═════ DATA BELOW

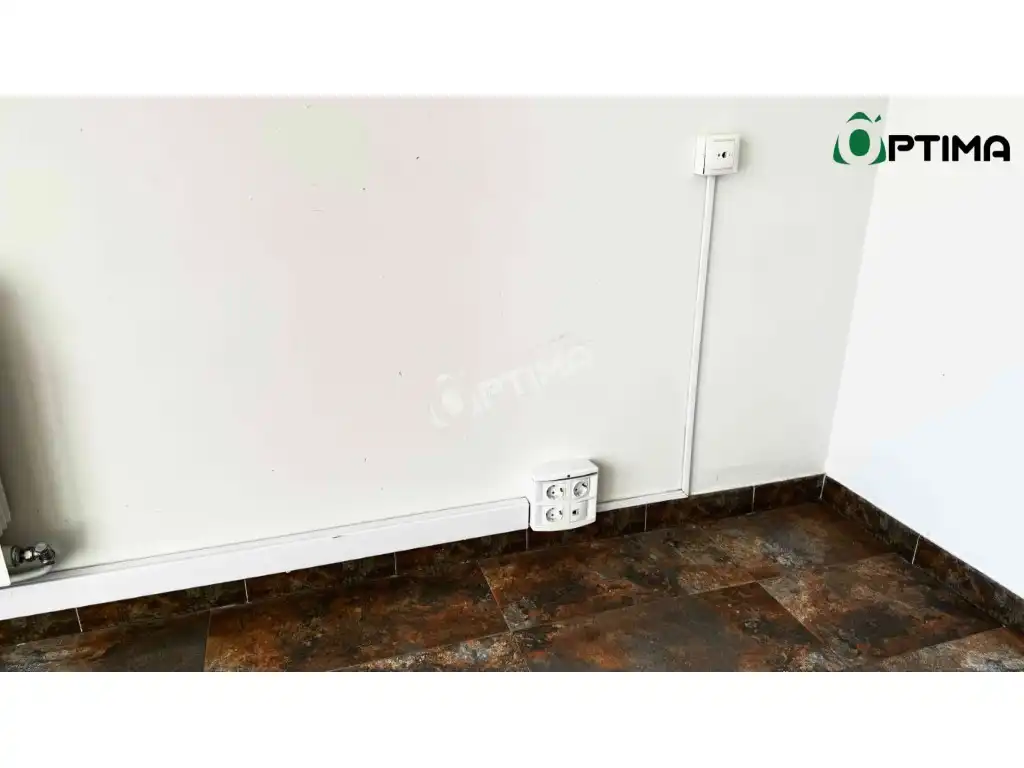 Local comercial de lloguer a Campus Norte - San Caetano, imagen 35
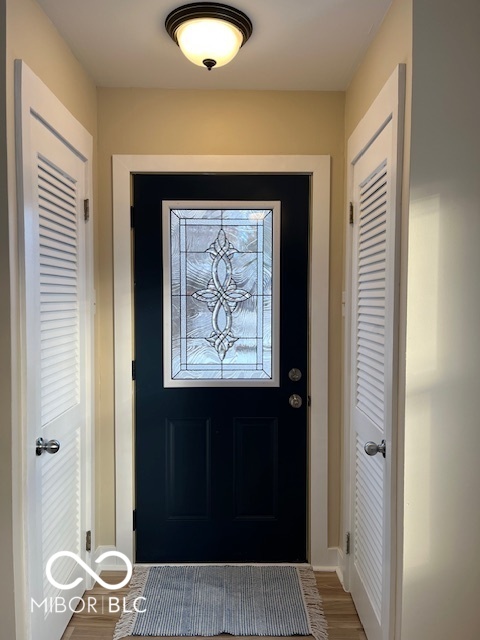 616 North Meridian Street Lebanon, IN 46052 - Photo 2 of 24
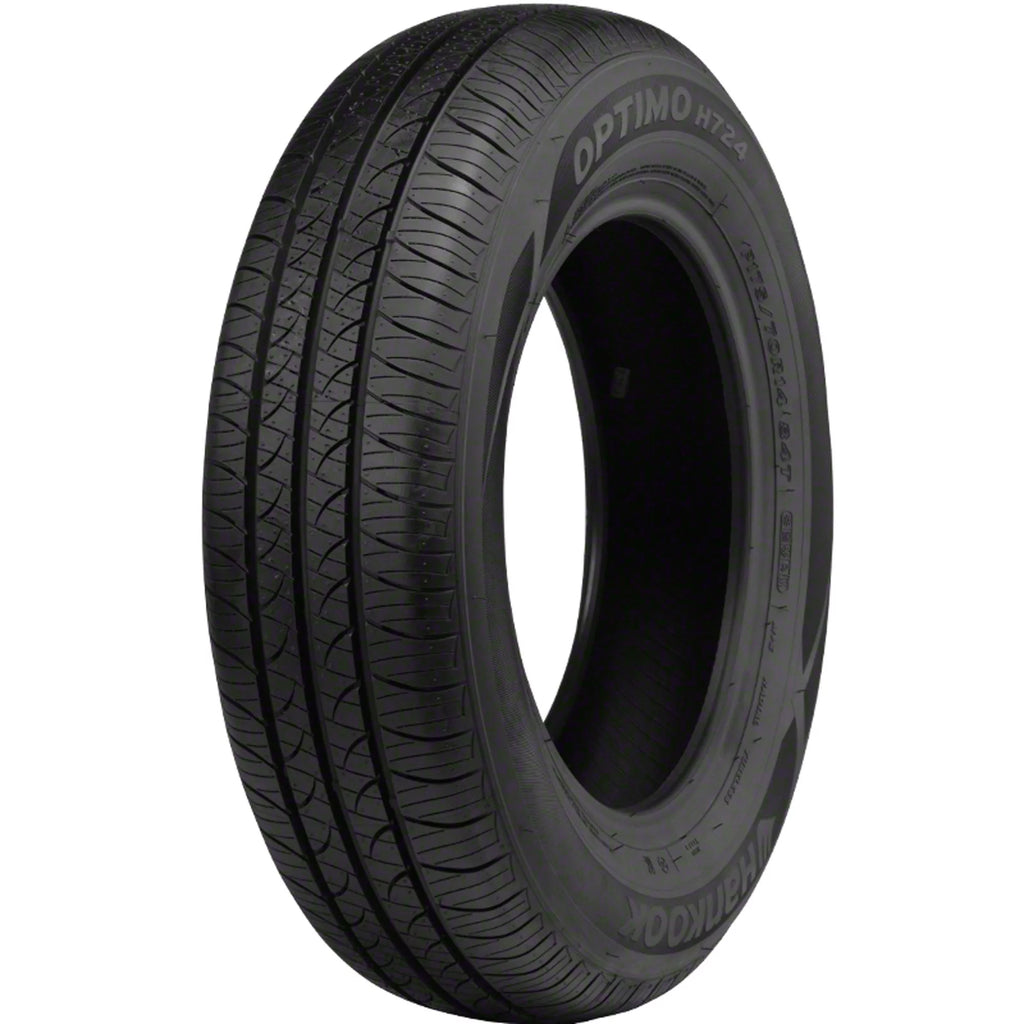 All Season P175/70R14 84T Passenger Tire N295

══════════

### [GOAL OF THE EXERCISE]
Every line above is to be reproduced verbatim, and the pictures are to be omitted.

### [FINAL ANSWER]
 Local comercial de lloguer a Campus Norte - San Caetano, imagen 35
 616 North Meridian Street Lebanon, IN 46052 - Photo 2 of 24
 All Season P175/70R14 84T Passenger Tire N295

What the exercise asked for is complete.